Term | Occurrences | Relevance |
---|---|---|
gcnn model | 2 | 2.08 |
gcnnrec ddgf | 2 | 2.08 |
gcnnreg ddgf | 2 | 2.08 |
gcnnreg ddgf model | 2 | 2.08 |
lstm nns | 4 | 1.77 |
sharing bike | 4 | 1.71 |
deep learning approach | 4 | 1.17 |
recurrent neural network | 3 | 1.11 |
gru | 2 | 1.07 |
clustering algorithm | 4 | 0.86 |
conv lstm | 2 | 0.83 |
prediction model | 6 | 0.60 |
random forest | 8 | 0.49 |
The analysis computed a network with 64 items, 8 clusters, 310 links and a total link strength of 987 (Figure 8). The network highlighted an eight-cluster network, being the biggest nodes of each identified as gcnn ddgf model (orange), neural network (brown), lstm nns (cyan), random forest (yellow), approach(green), algorithm(red), prediction model (purple) and prediction(blue).
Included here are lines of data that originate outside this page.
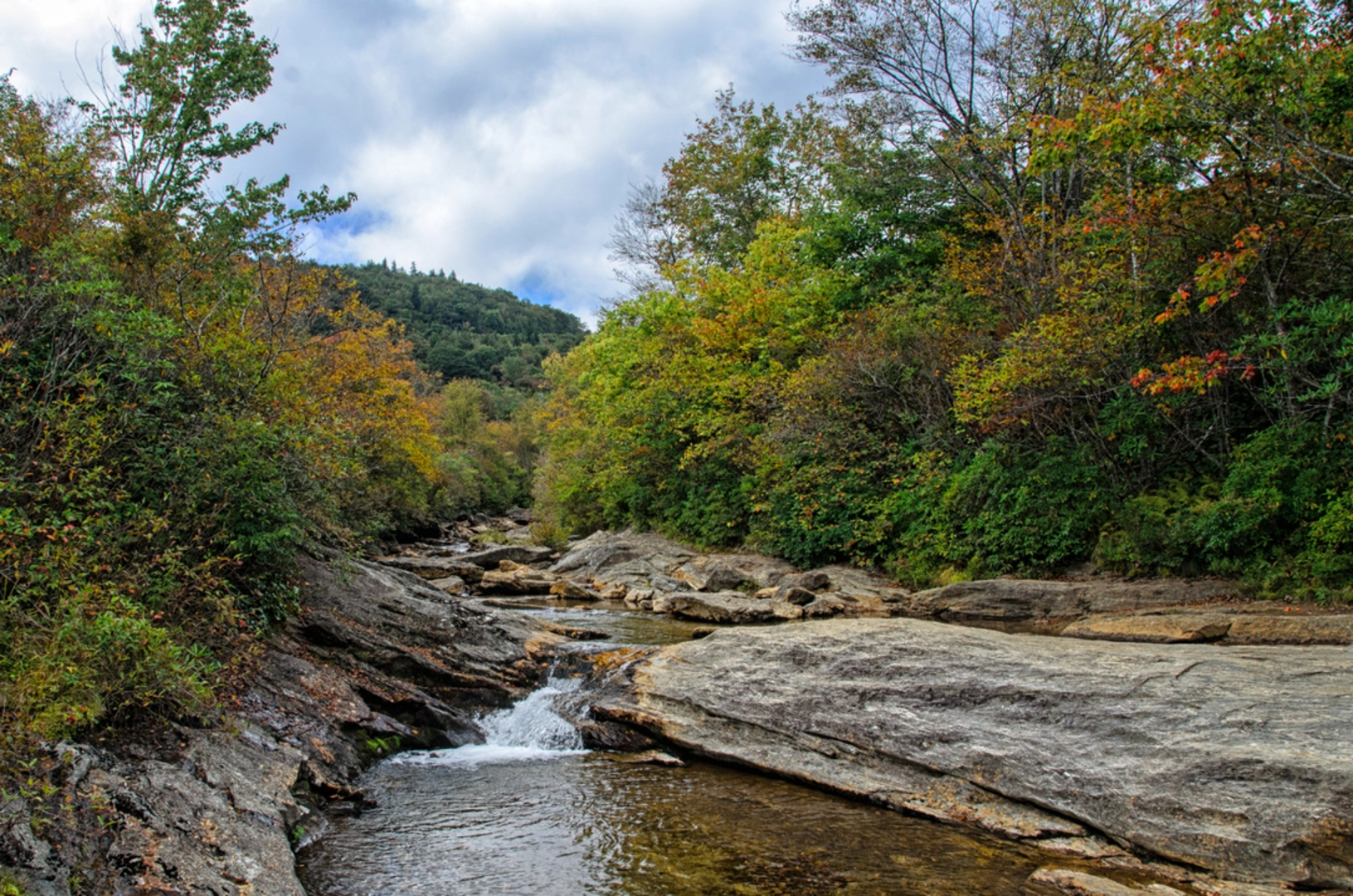 An image depicting the trail Bridges Camp Gap Trail and its surrounding area.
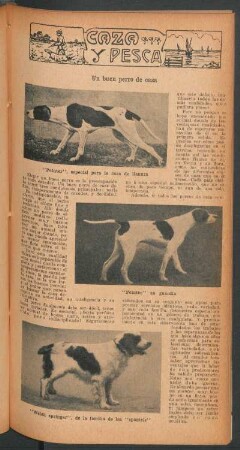 Un buen perro de caza : Caza y pesca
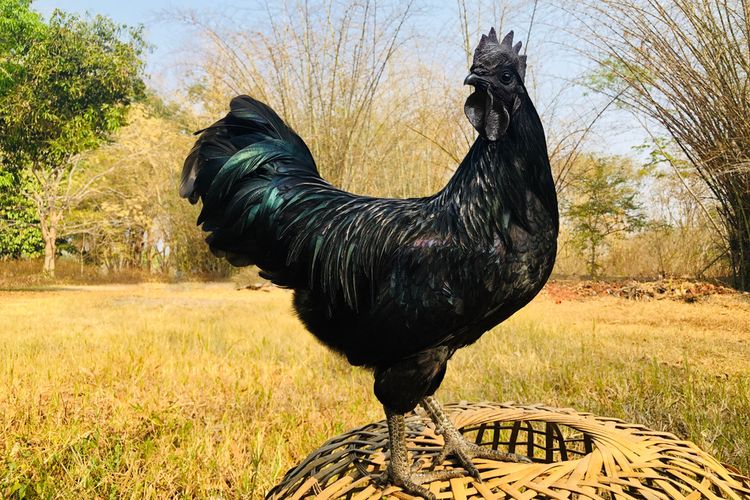 Ayam, cemani, ayam, ayam cemani, Ayam Cemani, Ayam cemani, Cemani, ayam cemani mahal, ayam cemani langka, ayam cemani hitam, ayam cemani harga, ayam cemani berasal dari mana, ayam cemani asli, Serba Hitam dan Mahal, Apa Istimewanya Ayam Cemani?, Asal Usul Ayam Cemani, Fenomena Fibromelanosis, Klasifikasi Berdasarkan Warna dan Ciri Fisik, Ayam Cemani di Dunia Internasional, Fakta Lain Ayam Cemani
The identified machine learning techniques were also coherent with the ones identified in the keyword analysis, namely deep learning, clustering algorithm and long short-term memory, also suggesting other techniques, such as graph convolutional neural networks with data-driven graph filter (GCNN-DDGF) and neural networks (RNN and CNN).
Figure 10 shows that neural network, a machine learning technique, is applied to bike-sharing systems studies in most of the articles published since 2016. A clear evolution is observed in the application of this machine learning technique [9][17][18][19][20][21] studied by authors till 2019.
Figure 10. Title and abstract text occurrence by year overlay visualisation.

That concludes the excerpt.